Exercise material:
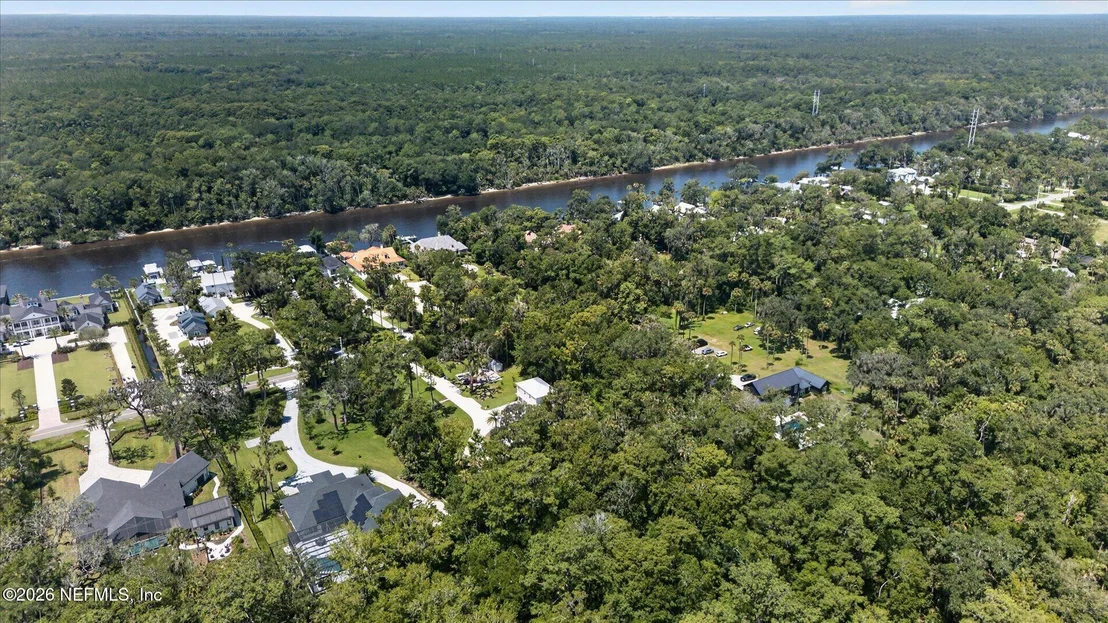 Photo of 0 ROSCOE Boulevard N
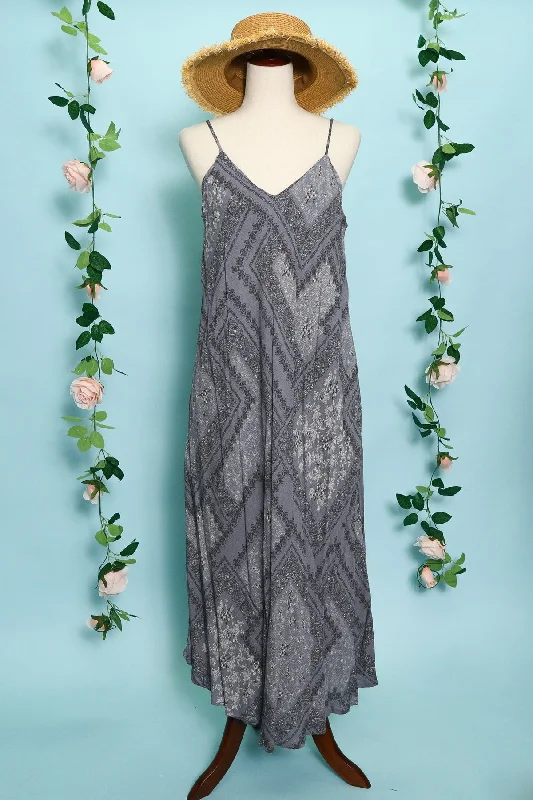 Plus Paisley Pocketed Maxi Dress (2-1-2) Stylish A-Line Maxi Dress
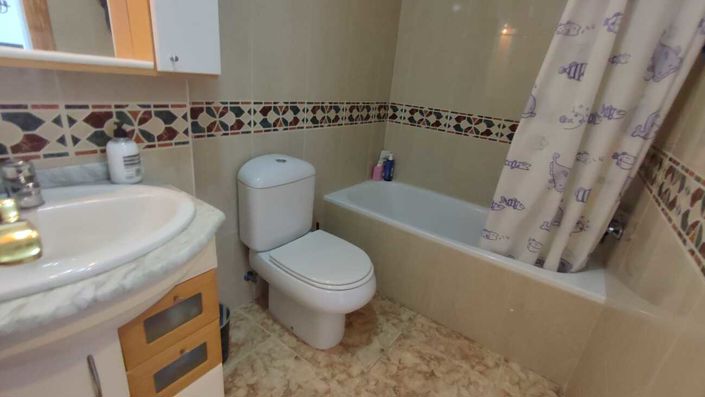 Image No.5-2 Bed Property for sale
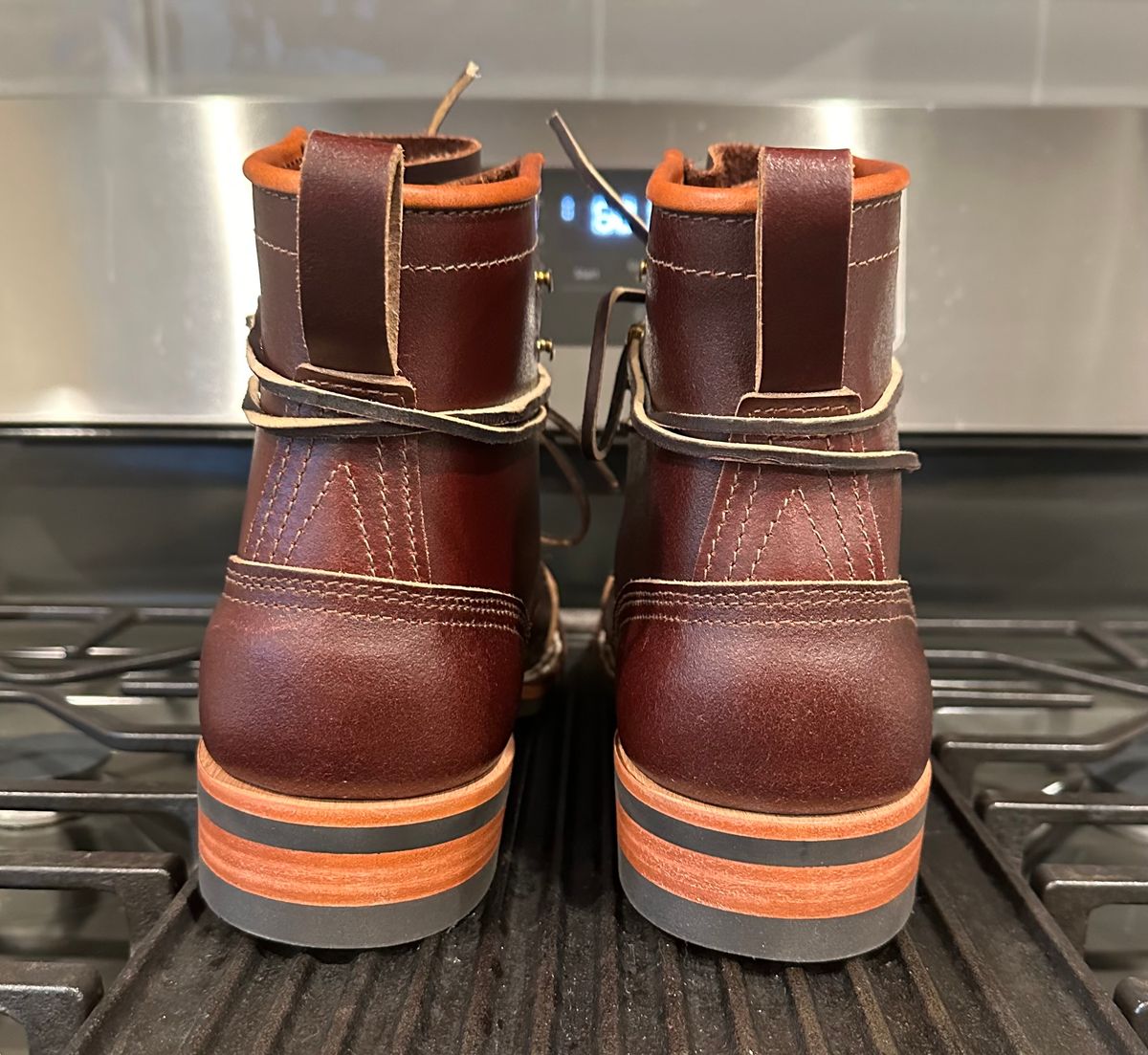 Photo by austinrylees on October 2, 2024 of the Nicks Parkhurst V2 in Horween Tan Waxed Flesh.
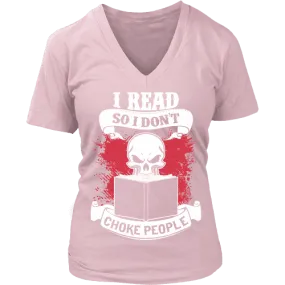 I read so i dont choke people V-neck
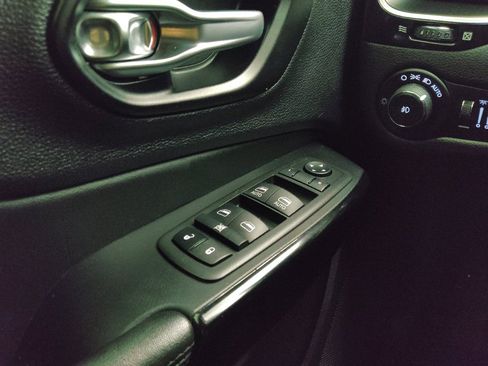 Used 2021 Jeep Cherokee Latitude Plus image 25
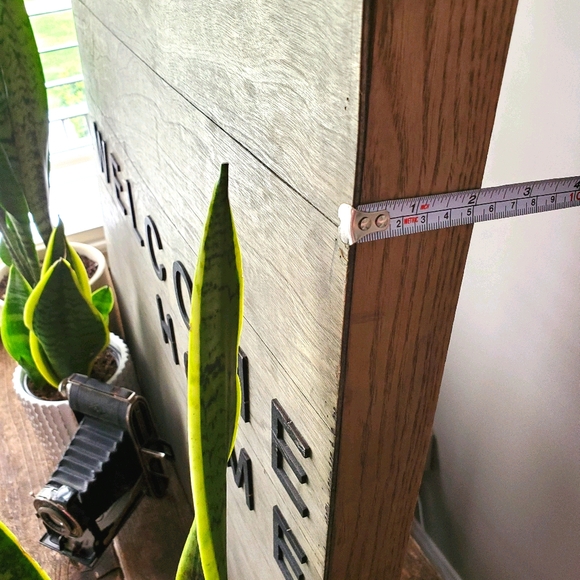 Rustic Wood Plank "Welcome Home" Sign 🏡 - Picture 4 of 6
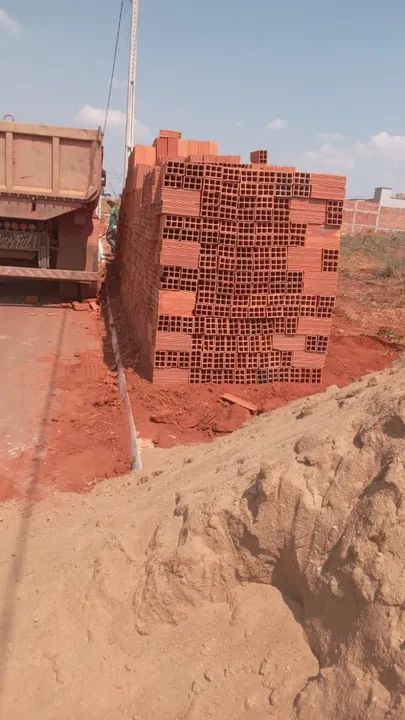 TIJOLO 9X14X29 DIRETO DA FÁBRICA COM O MENOR PREÇO PARA CARGA FECHADA  COM 6 MIL TIJOLOS - Foto 2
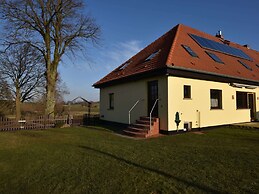Hubsche Wohnung in Kropelin mit Eigener Terrasse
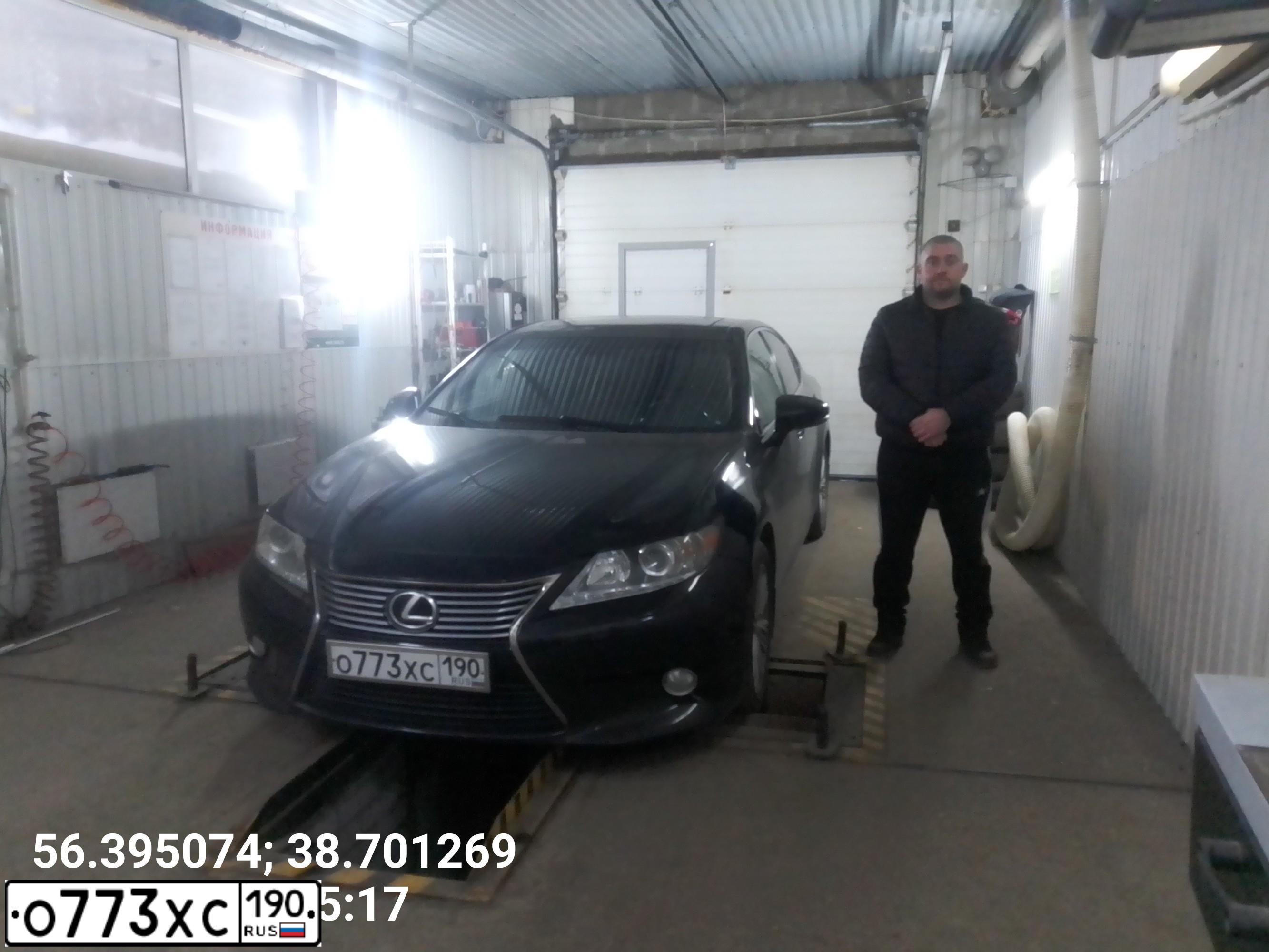 Фото автомобиля LEXUS ES, 2012 — госномер Т158КС76. Цвет: ЧЕРНЫЙ
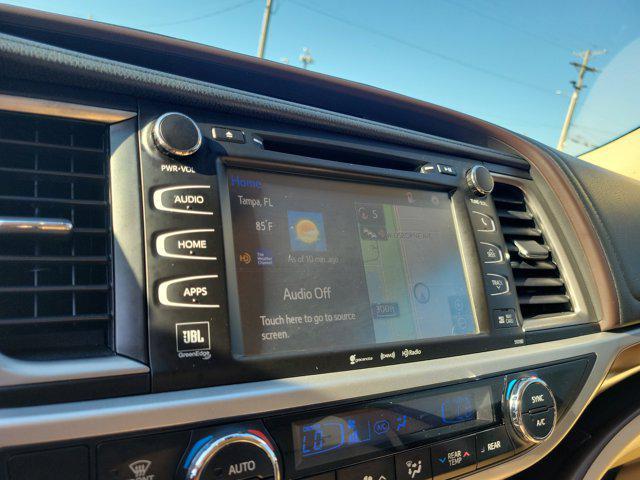 used 2018 Toyota Highlander car, priced at $28,782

What you should do:
All the records above need to be given again word for word. Skip the pictures.

Exercise solution:
 Photo of 0 ROSCOE Boulevard N
 Plus Paisley Pocketed Maxi Dress (2-1-2) Stylish A-Line Maxi Dress
 Image No.5-2 Bed Property for sale
 Photo by austinrylees on October 2, 2024 of the Nicks Parkhurst V2 in Horween Tan Waxed Flesh.
 I read so i dont choke people V-neck
 Used 2021 Jeep Cherokee Latitude Plus image 25
 Rustic Wood Plank "Welcome Home" Sign 🏡 - Picture 4 of 6
 TIJOLO 9X14X29 DIRETO DA FÁBRICA COM O MENOR PREÇO PARA CARGA FECHADA  COM 6 MIL TIJOLOS - Foto 2
Hubsche Wohnung in Kropelin mit Eigener Terrasse
 Фото автомобиля LEXUS ES, 2012 — госномер Т158КС76. Цвет: ЧЕРНЫЙ
 used 2018 Toyota Highlander car, priced at $28,782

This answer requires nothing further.